The towers tower, the poor can’t be seen in this picture. /Michael Chmielewski

Going to a White Sox game in Chicago kind of sucked

After working multiple jobs all summer, I finally decided to take my first vacation in years. My dad, brother, and I finally found six days that worked for all three of us to go somewhere. Chicago, relatively close and historic, was quickly picked as a destination. With the Windy City beckoning, we put the Oldsmobile through its paces on the interstate.

Chicago, amongst many other things, is famous for its sports. Mike Ditka and the Bears, the Original Six Chicago Blackhawks, Michael Jordan and his Bulls, and its two famous baseball teams, the Cubs and the White Sox, make up the huge sports scene of Chicago.

But this isn’t your normal sports story.

I’ve always wanted to go to an MLB game. Something about America’s Pastime compelled me. Going to a game also seemed ideal during a vacation: beer, Polish hotdogs, pretzels, and, of course, the game.

I decided to go see a White Sox game, partly on the advice of a great Canadian singer-songwriter, partly because I didn’t feel like seeing the melancholic Cubs, and more practically because the ChiSox were in town that week.

On a humid Illinois afternoon, the White Sox hosted the Cleveland Indians.

The Indians batted first, and scored a few runs. Although they dampened the mood of the crowd, it didn’t last long. As the Sox came up to bat with Thin Lizzy’s “The Boy’s Are Back In Town” playing on the loudspeakers, the crowd got back into the game.

While talking to people in Chicago and walking around, I obviously noticed a rivalry between the Cubs and the White Sox.
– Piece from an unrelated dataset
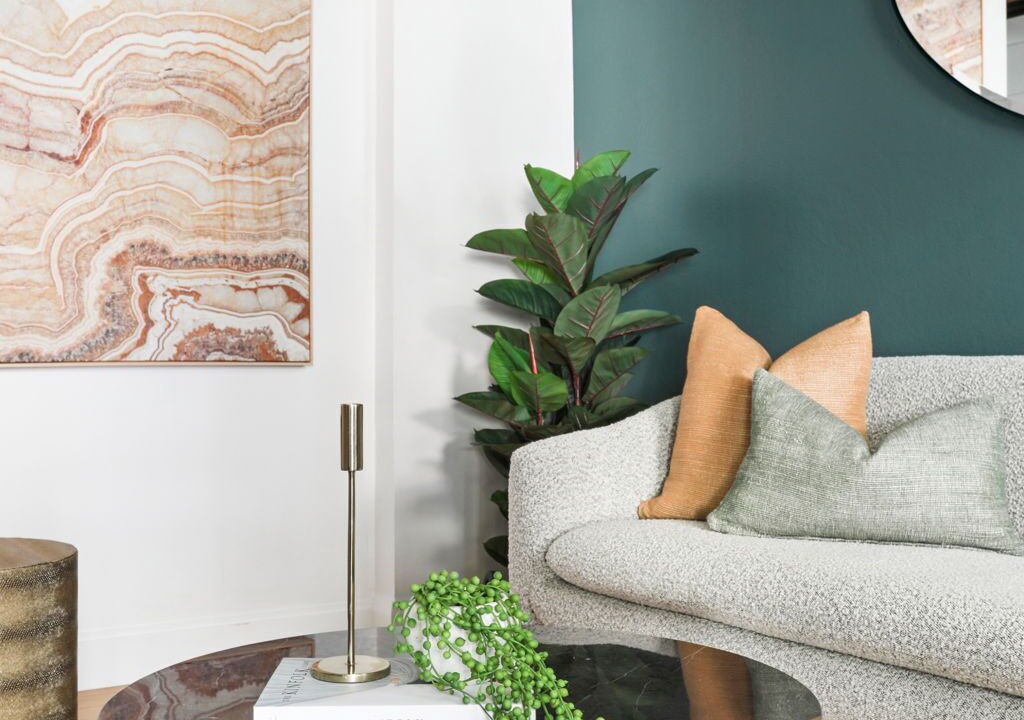 Photo of Livingroom in Darlinghurst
This rivalry ran deeper than simply two teams from the same city. The White Sox are also know as the “South Siders,” with their home, U.S. Cellular Field, located in the infamous South Side. The Cubs, on the other hand, are on the North Side.
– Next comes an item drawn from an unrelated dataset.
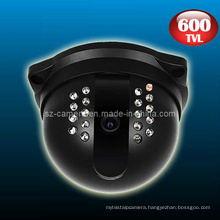 Plastic Security Dome IR CCTV CCD Camera (SV60-D260M)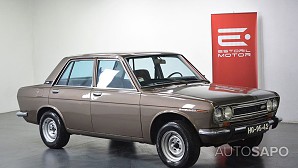 Datsun 1600 de 1972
The South Side is home to extreme gun violence, a phenomenon tied up in race, social and economic realties (or less euphemistically, tragedies), American politics, the gun debate, an apparently chronically underfunded and underequipped police force (paint peeling off cruisers and cops carry revolvers, not semi automatics) and ultimately, the U.S. Constitution. All these factors mix into a lethal cocktail that results in nonchalant headlines and attitudes like “Four Dead in overnight shootings” and a blissful ignorance of poverty and violence in Chiraq, as some locals call it, a portmanteau of Chicago and Iraq.

The White Sox struck back, scoring two runs in the bottom of the first.
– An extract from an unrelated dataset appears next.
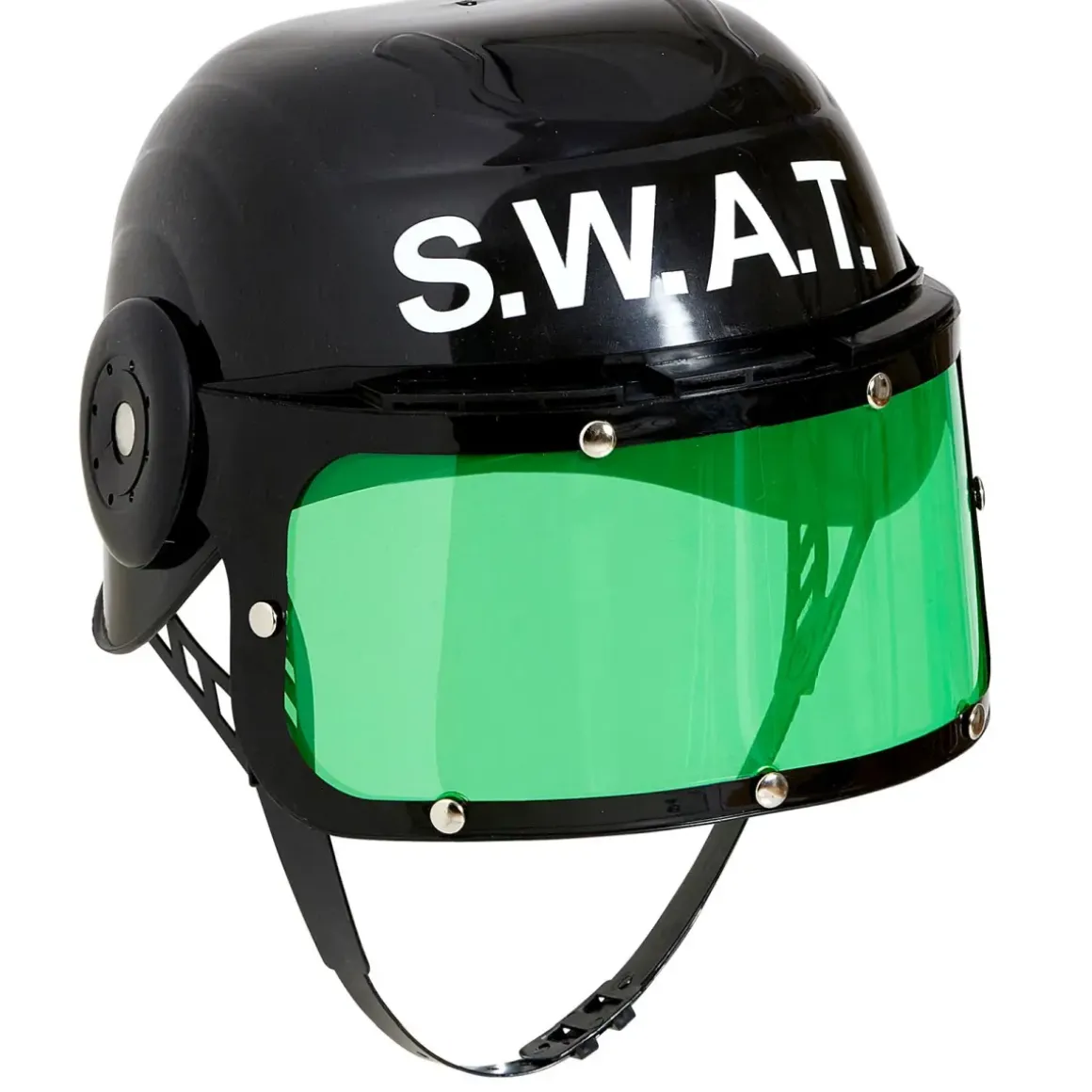 S.W.A.T. Helm, Kinder Hartplastik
Beer in hand, and a few more innings in, I tried to enjoy myself during the game, but ultimately kept thinking about the city’s problems. A few blocks away from my seat by 1st base, young, and predominantly African-American, lives were being snuffed out by a problem they found themselves born into through no fault of their own.

The next few innings were a real stalemate, with no one looking like a decisive winner.

Even in the tourist trap downtown, known as the Loop, the city provides a literal contrast. Rich capital manifested in sky rises like the Trump Tower, loom over poor beggars, again predominantly African-American. I didn’t even have to go to the South Side to see gun violence. Once, walking back from a deep-dish pizza restaurant, we heard rifle shots right by the Loop.

The White Sox lost the game.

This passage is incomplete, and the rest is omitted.